Steffen Bundemann kam mit seinen Gästen Dietmar Bost, Christine Scherrer und Berthold Moog (v.l.) in angeregte Gespräche. © Carmen Schumann

Nechern. Normalerweise führt Steffen Bundemann Interessenten durch seine Riegel-Mühle in Nechern. Bei der Besuchergruppe, die er am Sonnabendvormittag empfing, war es eher umgekehrt. Die 39 Gäste kennen sich aus mit Mühlen. Sie sind selbst Mühlenbetreiber, aber auch Historiker oder Archäologen, die mit der Materie bestens vertraut sind. Aber sie löcherten Steffen Bundemann mit Tausend Fragen, die er geduldig auf Englisch beantwortete.

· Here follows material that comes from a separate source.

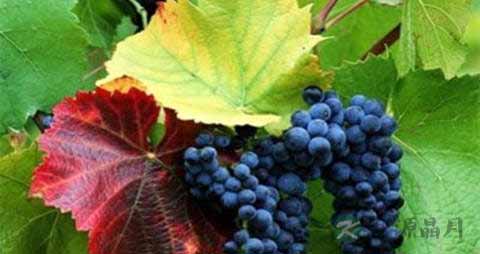 【吃什么水果美容抗衰老】细数日常天然美容方法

Die Gäste, die mit dem Bus ankamen, sind Mitglieder der TIMS, der Internationalen Gesellschaft für Mühlenkunde. Neben einigen Deutschen reisten Schweizer, Franzosen, Niederländer, Briten, Griechen, Esten, Polen und sogar Mühlenkundler aus Übersee, das heißt, aus den USA und Japan an. Die TIMS organisiert alle vier Jahre ein einwöchiges Symposium in einem der Mitgliedsländer. Dieses findet nach der viertägigen Exkursion durch die Oberlausitz in den kommenden Tagen in Berlin statt. Der TIMS gehören rund 500 Mitglieder an. Ein Viertel von ihnen sind Niederländer. Das liege auch daran, dass Holland das einzige Land ist, wo die Zahl der Mühlen wieder wächst, sagt Dietmar Bost aus Berlin, der die Exkursion organisiert hat. Mit seinem Bruder Gerald Bost, der in Berlin dem Verein der Britz-Mühle angehört, hatte er die Oberlausitz bereits im Vorjahr besucht, um die Exkursion vorzubereiten. Bevor die Gäste die Riegel-Mühle ansteuerten, hatten sie in der vergangenen Woche schon die Fehrmann-Mühle in Coblenz, die Windmühlen in Oderwitz, Kottmarsdorf und Sohland am Rotstein, sowie die Wassermühlen in Rennersdorf, Leutersdorf und Lawalde besichtigt. Auch eine Fahrt mit dem historischen Dampfzug ins Zittauer Gebirge und ein Besuch bei den Herrnhuter Sternen stand auf dem Programm. Die Mühlenfreunde übernachteten in Zittau.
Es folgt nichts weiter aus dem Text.